PANCAR.ID – Dekade terakhir ini, dunia menghadapi krisis iklim yang semakin parah, berdampak luas terhadap kehidupan di bumi. Krisis ini sebagian besar disebabkan oleh kerusakan lingkungan yang dilakukan oleh manusia.
Untuk mengurangi dampak dan risiko dari kerusakan alam, berbagai negara, termasuk Indonesia, semakin gencar berupaya memperbaiki kondisi tersebut melalui kebijakan-kebijakan berkelanjutan di berbagai forum internasional.
Salah satu langkah penting yang diambil adalah pengurangan emisi karbon dan pembatasan suhu global, melalui Perjanjian Paris.
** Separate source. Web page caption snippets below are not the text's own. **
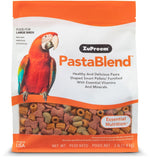 ZuPreem PastaBlend Bird Food for Large Birds - 3 lb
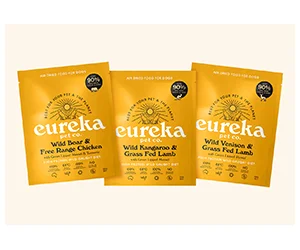 Try Out Eureka Pet Food with Free Samples! Perfect for Your Furry Best Friend!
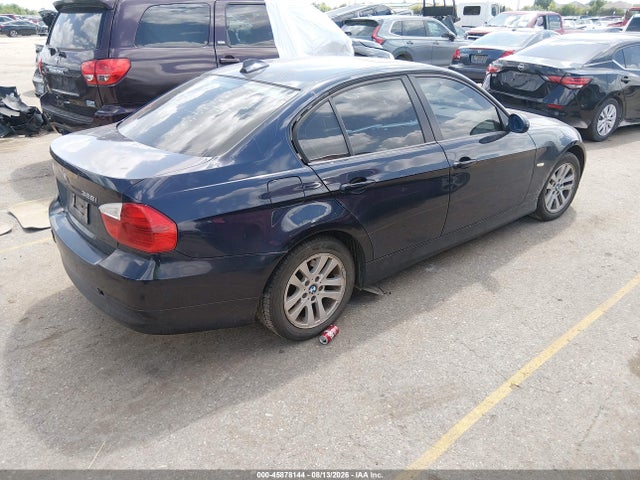 Продажа на аукционе авто 2007 Bmw 328i, vin: WBAVA37577NL15605, номер лота: 45878144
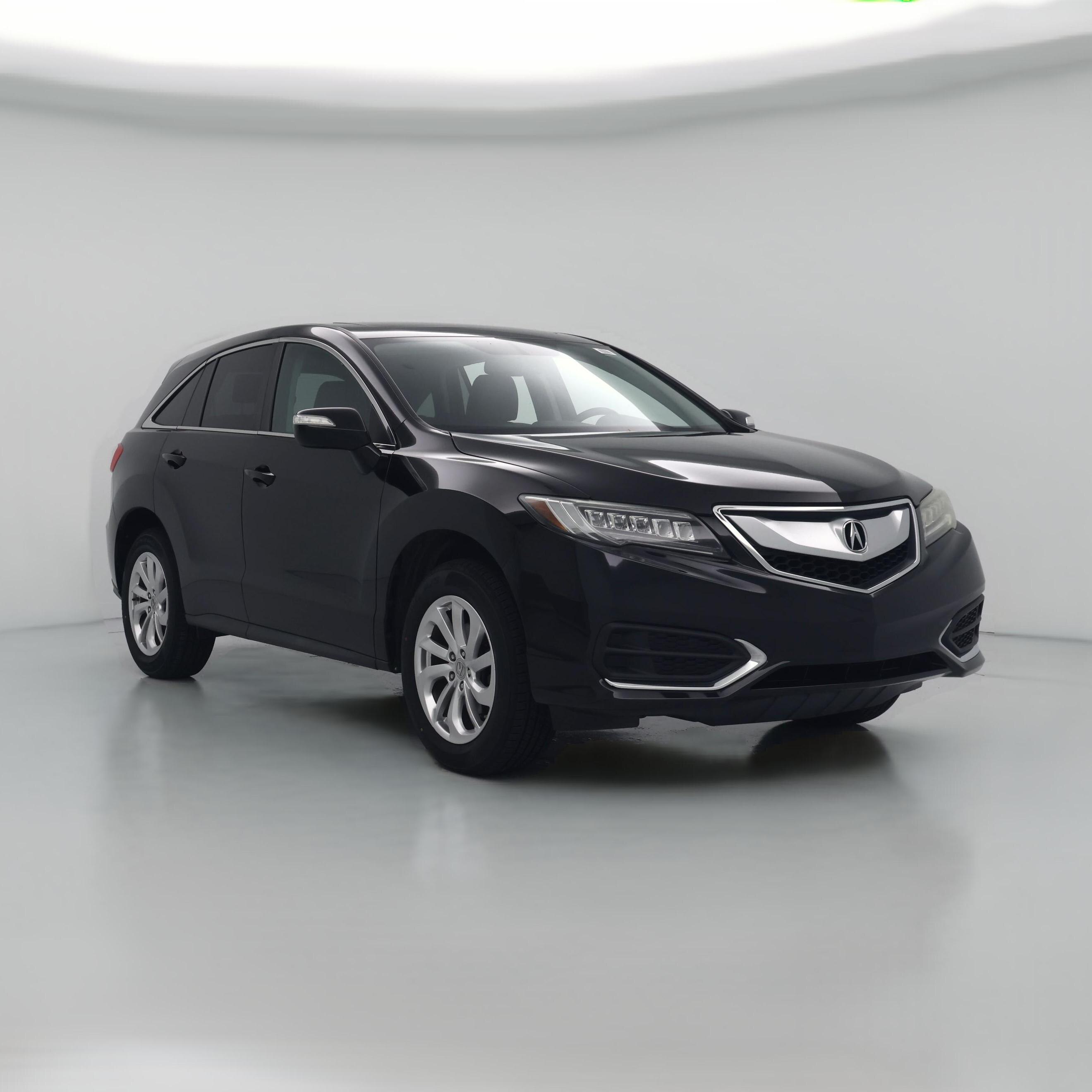 Thumbnail: 2017 Acura RDX - 1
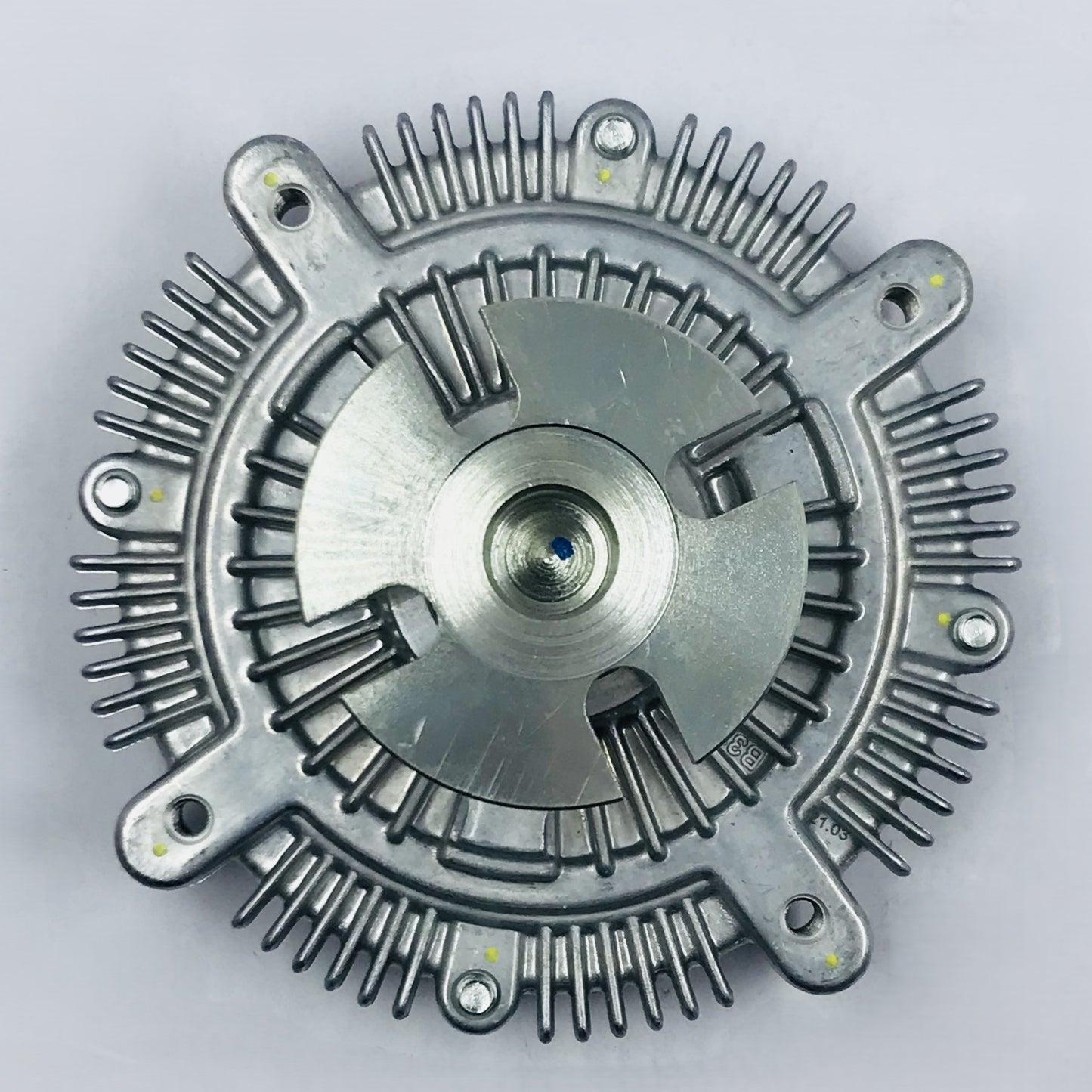 Fan Clutch Chev 2.5 2.8 S10 89-94 S/Rosca 134M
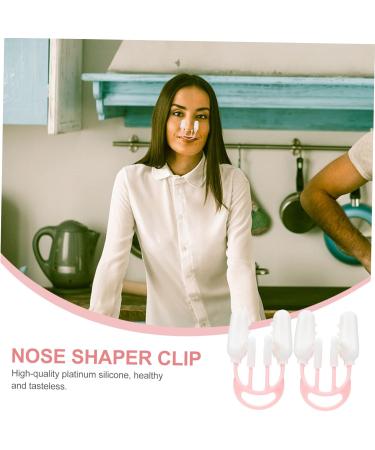 FRCOLOR 2pcs Nose Clip Rhinoplasty - Enhance Your Beauty | International Shipping - Buy Online on GoSupps.com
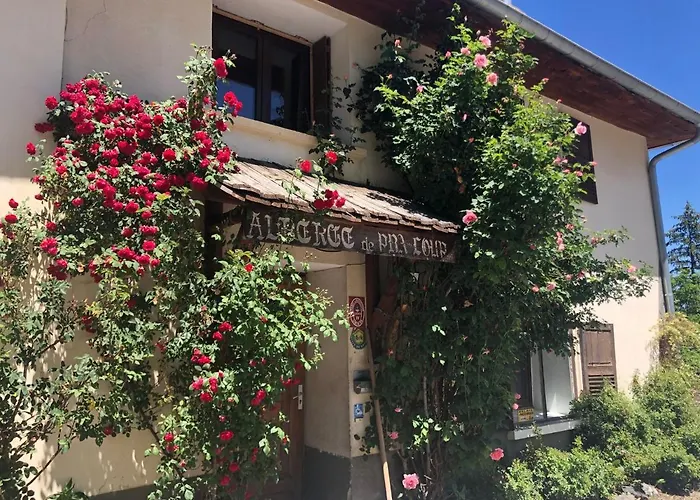 Auberge de Pra-Loup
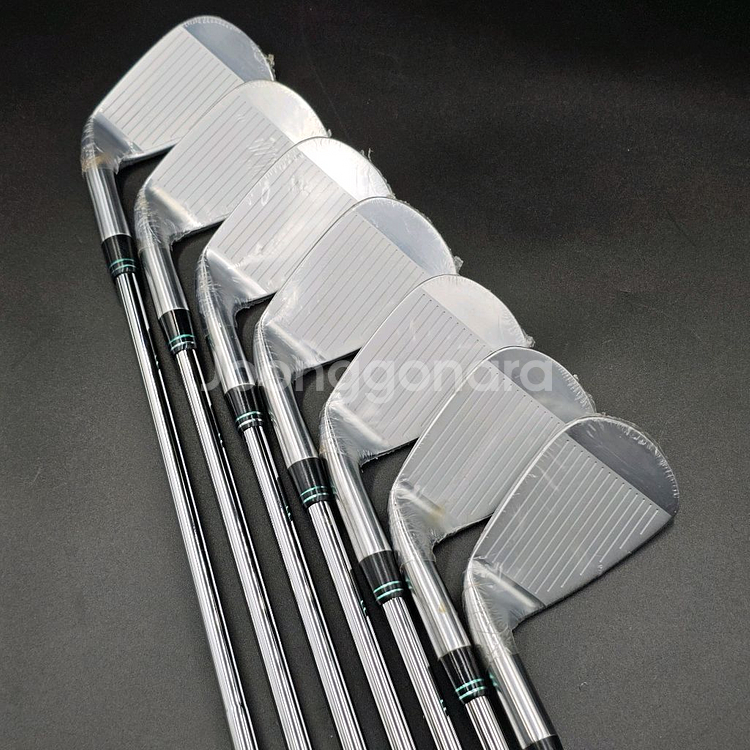 새상품 로마로 RAY CX S20C 아이언 시마다샤프트--4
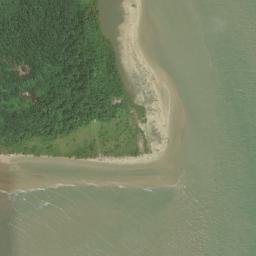Satellite imagery of Shelter Point, NG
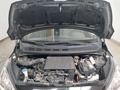 View of engine compartment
Selain kebijakan teknis dan ilmiah, terdapat juga pendekatan berbasis spiritualitas, seperti konsep green theology (ekoteologi), yang diperkenalkan oleh Menteri Agama Republik Indonesia, Nasaruddin Umar.
Apa itu Green Theology?
Green theology atau ekoteologi adalah suatu pendekatan yang mengkaji hubungan antara agama dan alam. Konsep ini menekankan pentingnya keseimbangan antara Tuhan, manusia, dan alam, yang saling terhubung secara sistemik.
Dalam pandangan ekoteologi, manusia berperan sebagai khalifah atau penjaga alam yang diberi amanah oleh Tuhan untuk menjaga kelestarian bumi.
Baca: Meta Gencarkan Perlindungan Online dengan Fitur Anti-Sekstorsi
Menurut ulama asal Turki, Said Nursi, manusia adalah makhluk yang tak terpisahkan dari alam. “Alam menyediakan segala kebutuhan dasar bagi kehidupan manusia, seperti air, udara, dan tanah,” katanya.
Oleh karena itu, manusia tidak boleh merusak alam yang merupakan bagian dari amanah Tuhan. Kerusakan alam, dalam konteks ini, berarti manusia gagal menjalankan tugasnya sebagai penjaga bumi.
Menteri Agama, Nasaruddin Umar menekankan bahwa agama memiliki peran penting dalam aksi nyata untuk menjaga bumi sebagai amanah Tuhan. Ekoteologi dianggap dapat menjadi solusi bagi tantangan lingkungan yang semakin serius. “Agama dan spiritualitas dapat memandu umat manusia untuk lebih menghormati dan merawat alam,” ujarnya.
Selain itu, dengan mengedepankan rasa saling menghormati antar agama, green theology dapat memperkuat solidaritas untuk menghadapi isu lingkungan global bersama-sama.
Melalui pendekatan ini, Nasaruddin optimis bahwa umat manusia, tanpa memandang latar belakang agama, bisa bersatu untuk menjaga bumi dan menciptakan masa depan yang lebih baik. Dengan bekerja bersama-sama dengan hati, semua agama memiliki kesamaan tujuan untuk menjaga kelestarian lingkungan bagi generasi mendatang.